Source
Department of Vaccines Discovery, Wyeth, Pearl River, NY 10965, USA.
Abstract
Extract: Despite more than twenty years of research relating to HIV-1, human immunodeficiency virus type-1, HIV-1 infection remains a public health threat of extraordinary proportions. The World Health Organization estimates that in the year 2003 alone, 4.8 million people were newly infected with HIV-1, approximately 38 million people were living with HIV-1 or suffering from acquired immunodeficiency syndrome (AIDS), and 2.9 million individuals died as a result of AIDS-related diseases. Since the first cases of AIDS were identified in 1981, 20 million people have died as a result of HIV-1 infection.

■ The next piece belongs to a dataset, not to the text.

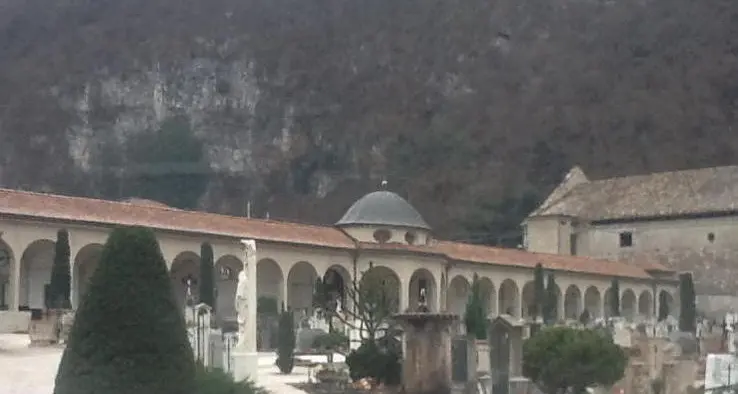 Salorno, un «giro di vite» del Comune sui loculi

With the advent of highly active antiretroviral therapy (HAART), the morbidity and mortality associated with HIV-1 infection have been dramatically reduced. However, additional studies have shown that long term HAART by itself is unlikely to be a cure for HIV infection and that cessation of HAART is inexorably followed by a rebound in HIV replication. Furthermore, the cost of lifelong HAART, the complex dosing regimens required, the toxic side effects of the medications and the limited availability of these drugs in developing countries, all suggest that HAART itself may be ill-suited to constrain the HIV pandemic. These issues indicate that alternative treatment strategies capable of effecting durable and sustained viral suppression are urgently needed.